Our perimeter D is gonna have to be ace.

Enough of JJ as starting 3 also - he's shown nothing. Id rather Dorell out there for defense personally.


----------



## PoetLaureate (Feb 8, 2009)

Wade always seems to do amazing against the Magic so I had to go look up the stats:

In 17 career games against the Magic, he is averaging 31/6/5 on 55% shooting. Easily his highest scoring average vs an opponent he has played 17 or more times and one of two teams he averages 30+ against (the other is 10 games against Utah)


----------



## Smithian (Apr 3, 2006)

What is the over-under on 3's made by the Magic? I am putting the O/U at 14.5 makes.


----------



## Dee-Zy (Jan 12, 2006)

Ouch,

I have to vote Under just by principle. 14.5 makes is rape.

Here is to us not getting Raped!


----------



## Smithian (Apr 3, 2006)

What is on James Jones's feet?


----------



## Wade County (Jun 22, 2003)

Not a bad start


----------



## Smithian (Apr 3, 2006)

Sick block by Wade on Pietrus.

Nice second chance bucket by Beasley at the other end!


----------



## Jace (Sep 26, 2005)

Another JJ patented potential 4-point-play


----------



## Smithian (Apr 3, 2006)

James Jones has some uke: shoes, but nice 4 point play!


----------



## Wade2Bosh (Mar 31, 2004)

JJ with another 4pt play :laugh:


----------



## Wade County (Jun 22, 2003)

JJ patented 4pt play!


----------



## Wade2Bosh (Mar 31, 2004)

And here come the 3's...


----------



## Jace (Sep 26, 2005)

Pretty Beas


----------



## Jace (Sep 26, 2005)

Smithian said:


> James Jones has some uke: shoes, but nice 4 point play!


Right?


----------



## Smithian (Apr 3, 2006)

The Magic make me hate the 3.


----------



## Jace (Sep 26, 2005)

We love giving up shots at the buzzer. Its our hobby.

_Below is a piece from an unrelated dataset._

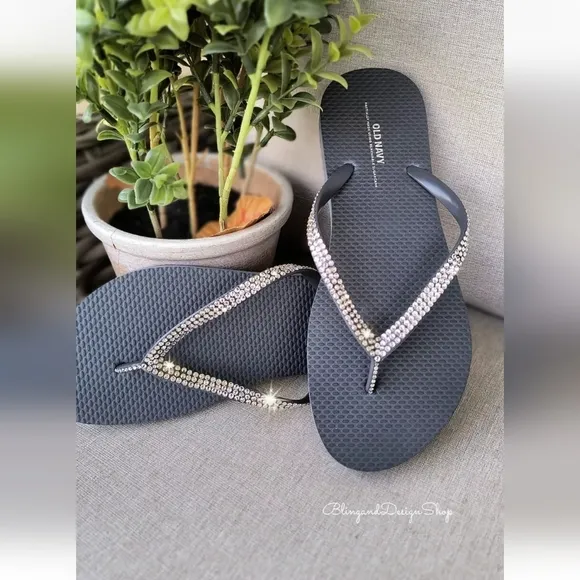 Old Navy Gray Sandals Flip Flops Gray Women's Beach Shoes With Rhinestones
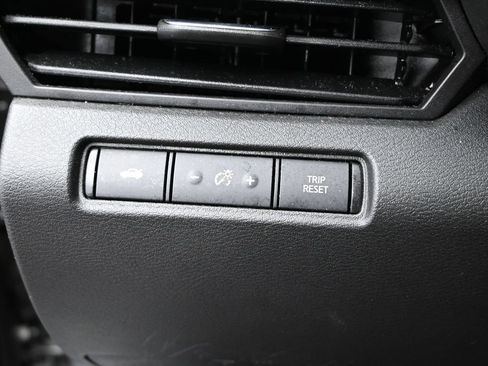 Used 2024 Nissan Altima 2.5 SV FWD image 12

Sick missed dunk/pass for JJ's 3

Beas with 4 boards


----------



## Wade2Bosh (Mar 31, 2004)

DWight and Lewis have been pretty quiet yet we're only up 2 after 1.

Very good D in that 1st quarter. Just gotta hope that those Magic 3's dont start dropping.


----------



## Jace (Sep 26, 2005)

Arroyo's jumper has vanished. I wish he wasn't so in love with it. We need to get our PGs attacking J-Will, try to get him in foul trouble.


----------



## myst (Feb 22, 2006)

Wade is complaining to try to cover up that missed dunk, I don't think he was touched.


----------



## BlackNRed (Feb 9, 2005)

Wade's offense is abysmal lately. We should all know by now as Wade goes, so goes the Heat. He better get it together quick.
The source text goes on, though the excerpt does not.